Fatou poczuła, jak jej oczy napełniają się łzami i zaczynają płynąć łzy. „Co jeśli moje dziecko umrze, a mnie nie będzie?” – wspominała później, myśląc, gdy płynęły nowe łzy. „Co by mi powiedzieli?”

Na razie sprawa Fatou utknęła w martwym punkcie, po miesiącach odwoływania rozpraw i telefonów na policję.

Fatty, imam promujący uchylenie zakazu, wydawał się nawiązywać do historii Fatou w kazaniu wygłoszonym wcześniej w tym roku, mówiąc, że kobieta, która pozywa męża do sądu, powinna się „wstydzić”. Fatty porównał swoją historię do historii „dobrej kobiety”, która odmówiła pozwania męża do sądu, nawet po tym, jak pobił ją tak mocno, że straciła cztery zęby.

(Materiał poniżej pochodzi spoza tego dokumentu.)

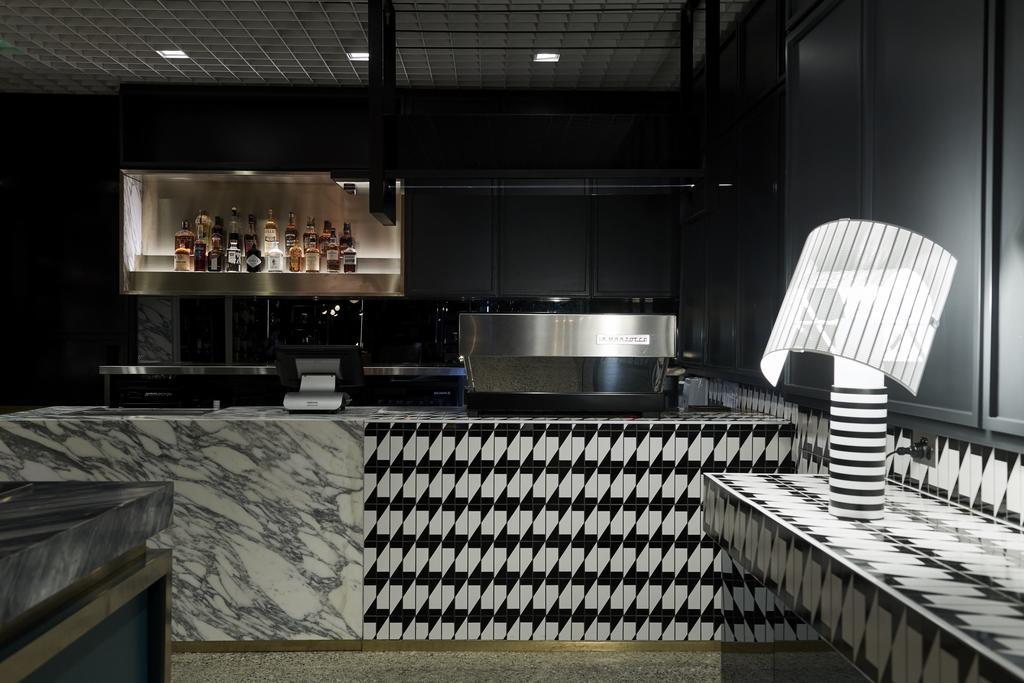 Tribe Perth Kings Park Hotel Luaran gambar
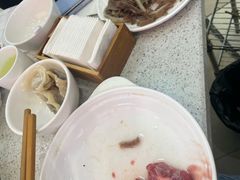 -蜀皇·菌汤鲜黄牛肉汤锅(宽窄巷子店)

Fatou próbowała zignorować presję i spojrzenia, które czasami otrzymywała. Zamiast tego skupiała się na interesach córki. Wie, jak bardzo Nyimsin kocha swojego ojca i słyszała, jak mówiła, że ​​ma nadzieję, że nie jest „zamknięty”. Ale Fatou nadal wierzy, że jej córka zasługuje na sprawiedliwość i że prawo musi być stosowane — dla dobra wszystkich gambijskich dziewcząt.

Przede wszystkim modli się, aby Nyimsin nie cierpiała na komplikacje, które dotykają tak wiele kobiet. Ale jeśli pojawią się komplikacje, powiedziała Fatou, będzie przy córce i razem się z nimi zmierzą.

W przygotowaniu tego raportu pomógł Ramatoulie Jawo.